W niektórych lokalizacjach nie obeszło się bez interwencji policji. Funkcjonariusze podjęli działania i wystawiali mandaty, ponieważ ilość samochodów oczekujących w kolejce do McDrive była tak długa, że niektóre pojazdy zaczęły blokować publiczne ulice. Dziennikarka Onetu postanowiła więc udać się po ten słynny przysmak do środka. Co zastała na miejscu?
Poszła do McDonald's po burgera Drwala. Ile zapłaciła?
Gdy zasiadła do stolika, szybko się zreflektowała. Uzmysłowiła sobie, że w ubiegłym roku za tę samą degustację zapłaciła nieco mniej. W 2022 roku Burger Drwala kosztował w McDonald's 33,90 zł w wersji z powiększonym napojem i frytkami.
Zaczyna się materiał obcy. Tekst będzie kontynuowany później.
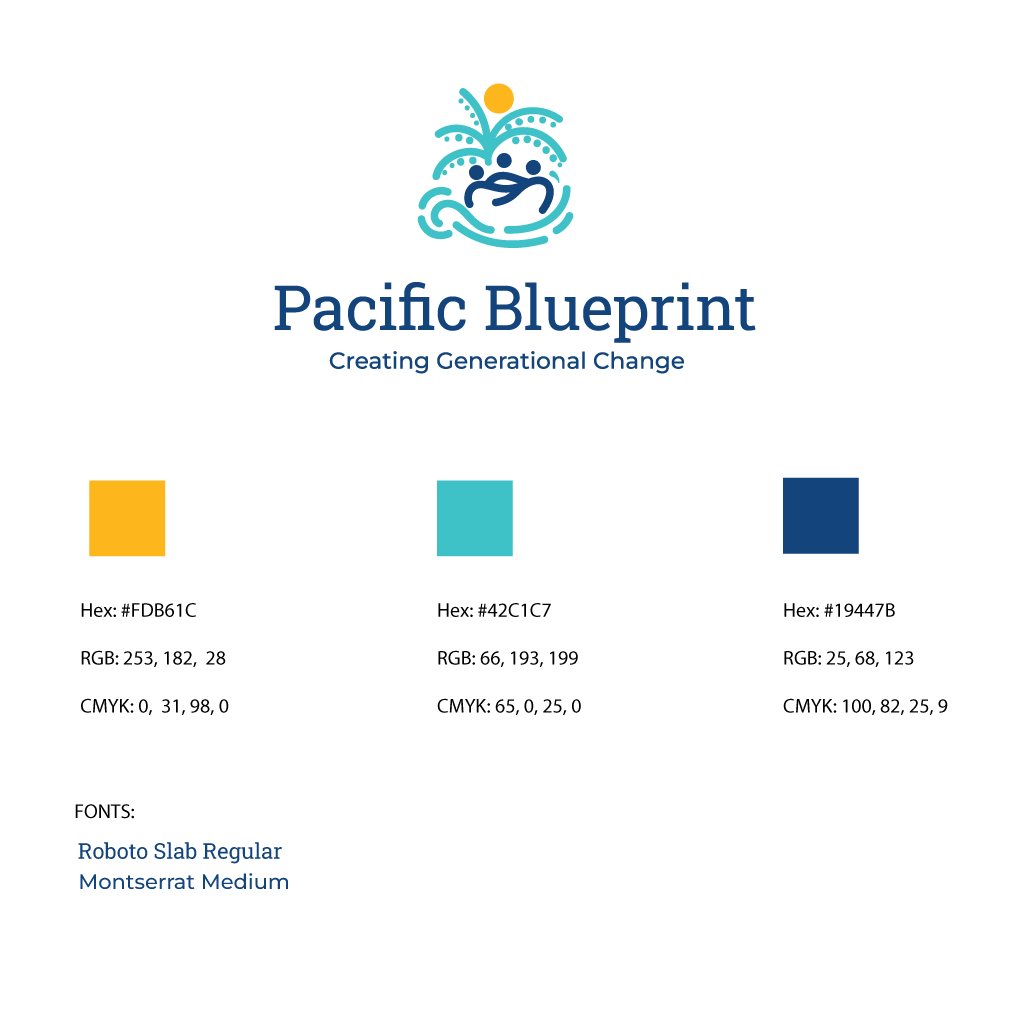 Logo Design by coloratura for this project | Design #34229451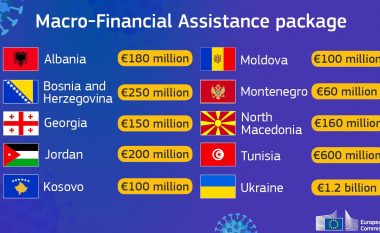 Kosova përfiton 100 milionë euro kredi nga KE-ja në luftën kundër pandemisë COVID-19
Tyle zapłaciła wtedy w lokalu na jednym z osiedli w Warszawie.
W tym roku kwota ta jest przynajmniej o złotówkę większa, a czasem nawet więcej. Jak twierdzi, cena zależy także także od… lokalizacji. W centrum miasta trzeba za nią zapłacić więcej, niż w restauracji zlokalizowanej w mniej uczęszczanym miejscu.
Cooo? Prawie 26 zł!? Wczoraj jadłem za niecałe 24! Jak to, w dwa dni podrożał o 2 zł? To chyba jakaś kpina... Chyba mają za dużo zamówień. Jak tak dalej pójdzie, to za tydzień zapłacimy z 30 zł…- usłyszała od gościa, który składał zamówienie obok niej.
Reporterka portalu Onet spytała go, dlaczego należy do wiernych fanów kanapki. Wyznał żartobliwie, że tej pory roku bez Drwala by nie przetrwał, a jego ulubioną i tak jest wersja z żurawiną - o kilka kolejnych złotych droższa i aktualnie niedostępna.
Nie wiem, ile będzie kosztował, bo zawsze wchodzi do oferty trochę później... Na pewno się na niego skuszę, chociaż trochę szkoda kasy - cytuje Onet.
Jakimi spostrzeżeniami podzieliła się żurnalistka? W trakcie kulinarnej biesiady opowiedziała o tym, co najbardziej ją zdziwiło. Na czym skupiła się jej krytyka?
Skosztowała kanpkę Drwala z McDonald's. "Przeraził mnie widok"
Reporterka zamówiła zestaw powiększony. Oprócz Drwala, skosztowała także łódeczek w zastępstwie klasycznych frytek (podawane są z sosem śmietanowym) oraz kubka coli bez cukru, by chociaż w napoju nie znalazły się zbędne kalorie. Oprócz horrendalnej ceny na paragonie zwróciła uwagę na sam skład uwielbianego rarytasu.
Przeraził mnie widok niemal ociekającej tłuszczem serowo-bekonowej bułki wypełnionej po brzegi sosem, panierowanym serem i kotletem wołowym. Jakieś warzywa? Sałata i prażona cebulka. Okej, tym razem nie ma być fit, ma być po prostu smacznie... tzw. comfort food - oceniła Natalia Gomułka.
Niestety, wizyty w McDonald's nie będzie wspominała dobrze także z powodu intensywnego zapachu spalonego bekonu, który miał roznosić się w całej kultowej restauracji. Czy jej opinia jest zbyt sroga, czy trafnie wypunktowała wszystkie wady serwowanego Polakom w niebotycznych ilościach burgera Drwala?